*** Opening of STORED DATA ***
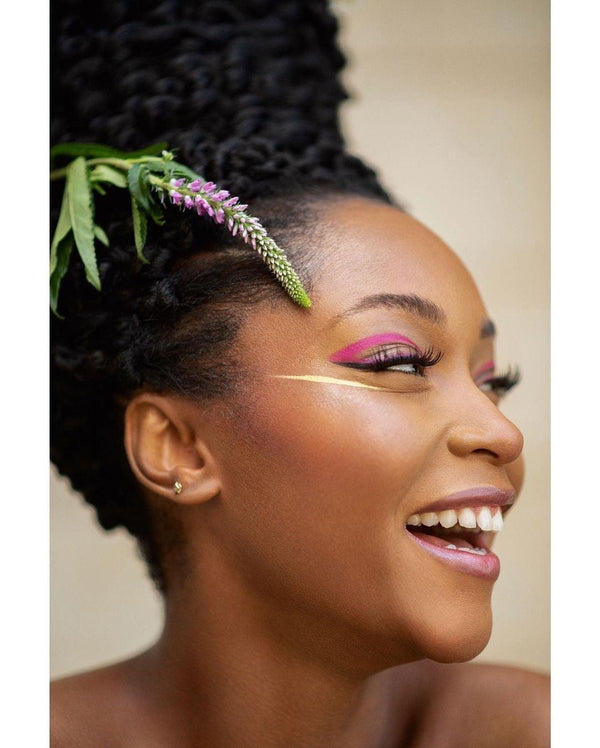 Model wearing vibrant pink and gold UV vegan paint liner in a bold, graphic winged eye makeup look.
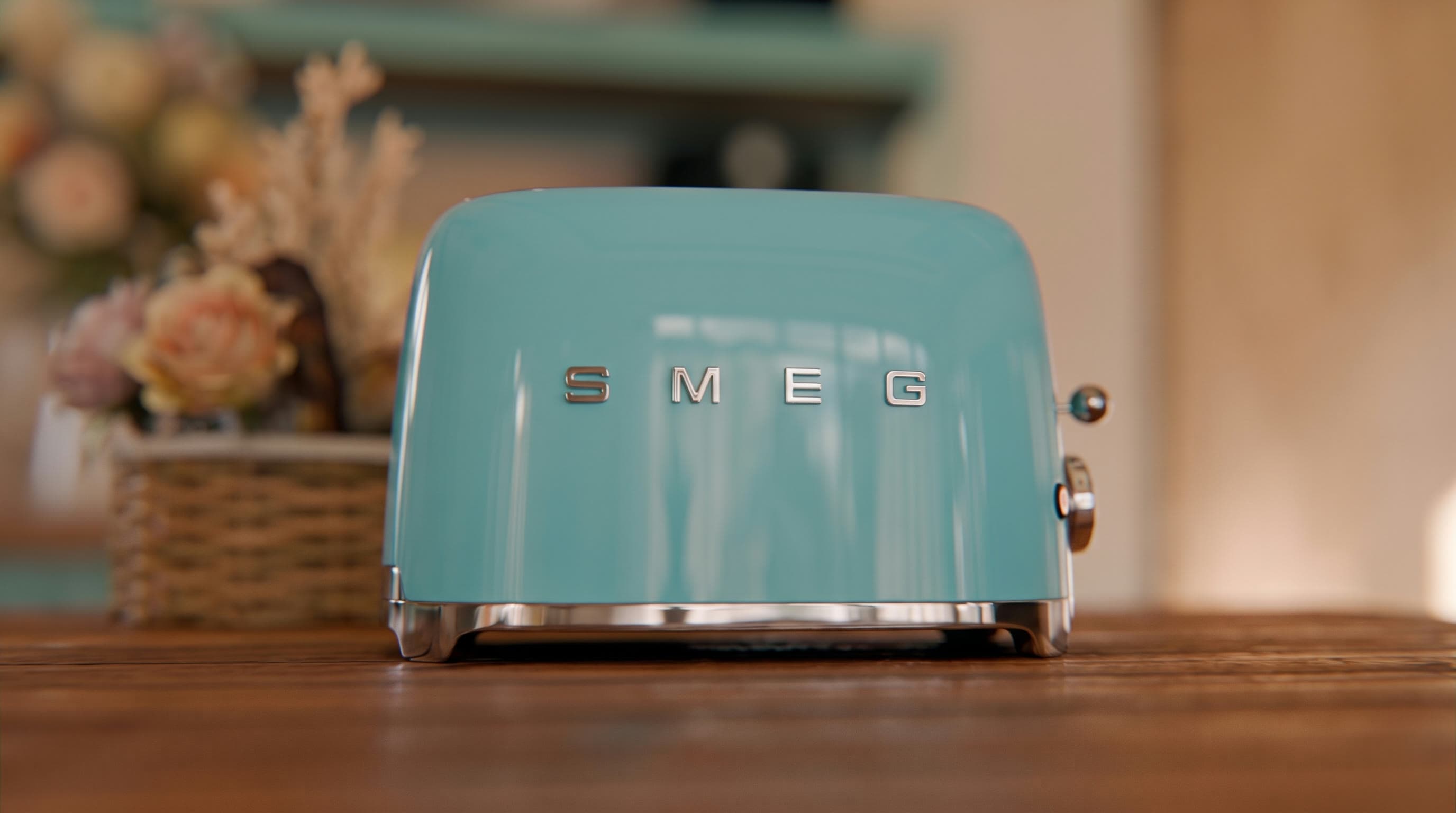 A teal SMEG toaster seen front on, rendered for All About Home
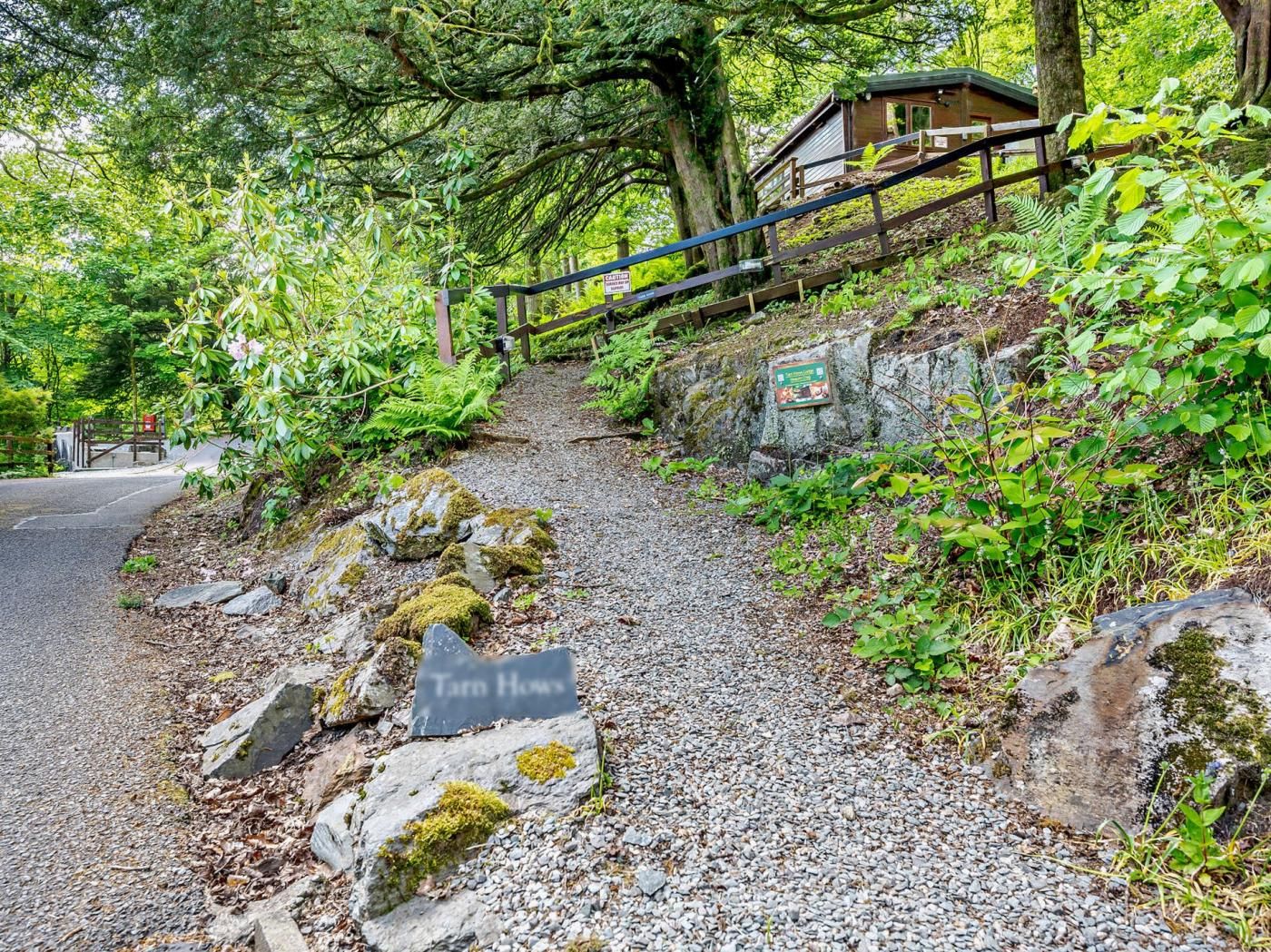 Un chemin de gravier mène à une structure en bois dotée d’une rambarde métallique, le tout étant entouré d’une végétation luxuriante et de rochers.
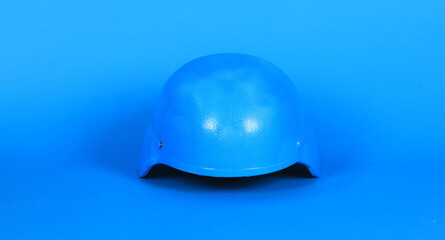 un blue helmet on blue background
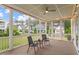 Outdoor porch with seating, wooden floor, beadboard ceiling and neighborhood view at 122 Swansboro Ln, Chapel Hill, NC 27516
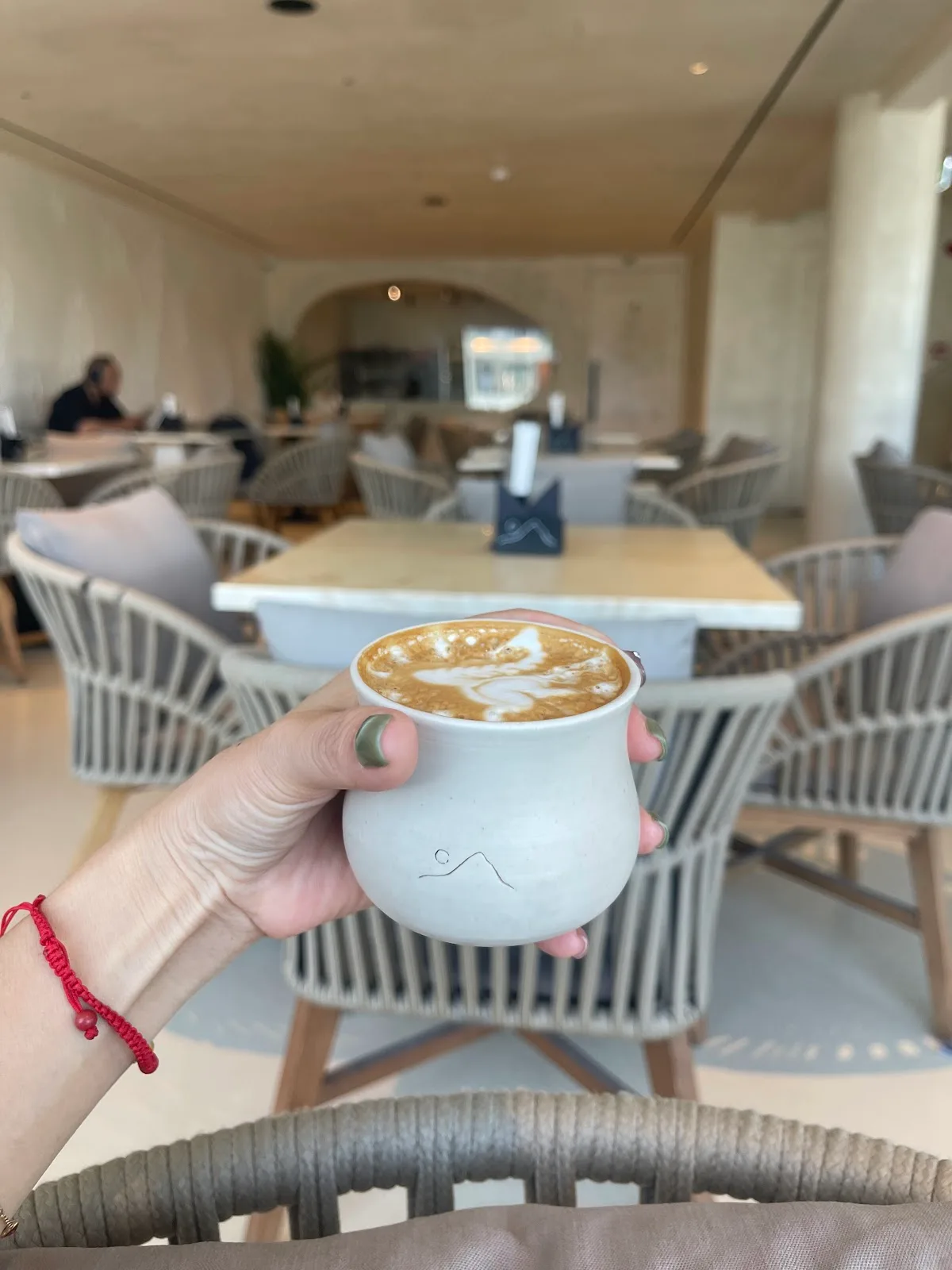 A flat white with latte art in a cream Lune cup, held in the bright lounge with rope chairs behind.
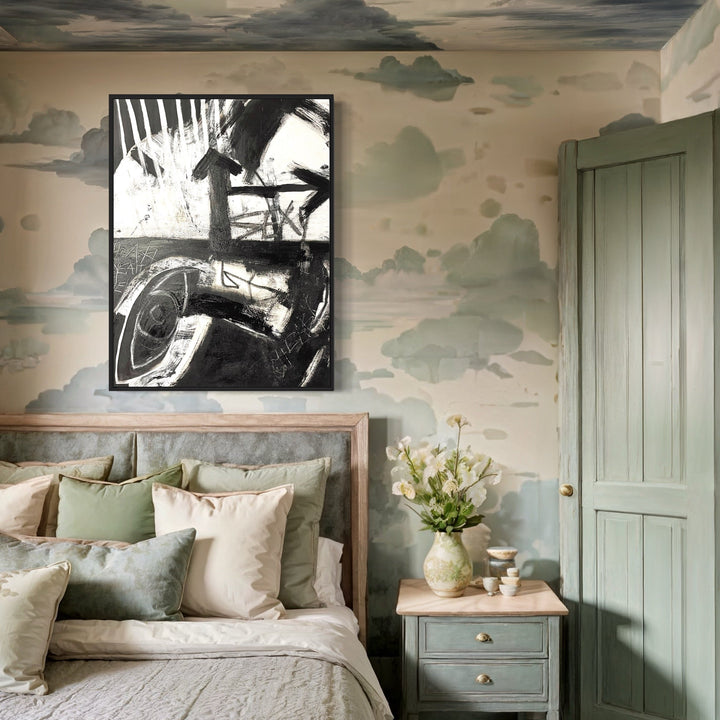 The artwork 'Sexy' by Jodi Fuchs features a striking black and white vintage automotive photograph displayed in a bedroom with sage green walls decorated with cloud motifs. The monochromatic print shows abstract mechanical details, creating a bold contrast against the soft, pastoral wall treatment and neutral bedding. Created with acrylic and oil stick on canvas, 40x30 inches.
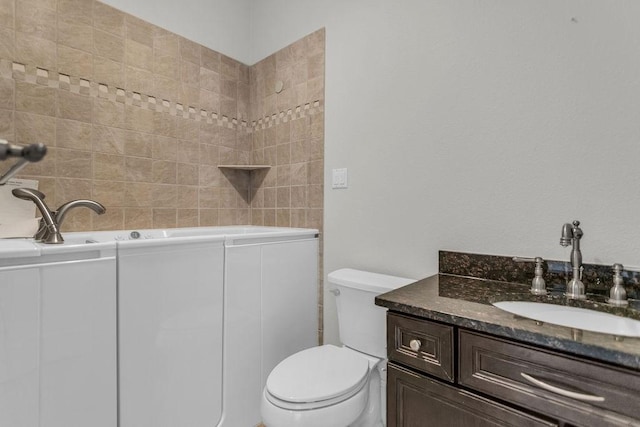 bathroom featuring toilet, vanity, and a bath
*** Close of STORED DATA ***
Strip out the pictures and repeat the listing above exactly.

RESULT OF THIS EXERCISE:
 Model wearing vibrant pink and gold UV vegan paint liner in a bold, graphic winged eye makeup look.
 A teal SMEG toaster seen front on, rendered for All About Home
 Un chemin de gravier mène à une structure en bois dotée d’une rambarde métallique, le tout étant entouré d’une végétation luxuriante et de rochers.
 un blue helmet on blue background
 Outdoor porch with seating, wooden floor, beadboard ceiling and neighborhood view at 122 Swansboro Ln, Chapel Hill, NC 27516
 A flat white with latte art in a cream Lune cup, held in the bright lounge with rope chairs behind.
 The artwork 'Sexy' by Jodi Fuchs features a striking black and white vintage automotive photograph displayed in a bedroom with sage green walls decorated with cloud motifs. The monochromatic print shows abstract mechanical details, creating a bold contrast against the soft, pastoral wall treatment and neutral bedding. Created with acrylic and oil stick on canvas, 40x30 inches.
 bathroom featuring toilet, vanity, and a bath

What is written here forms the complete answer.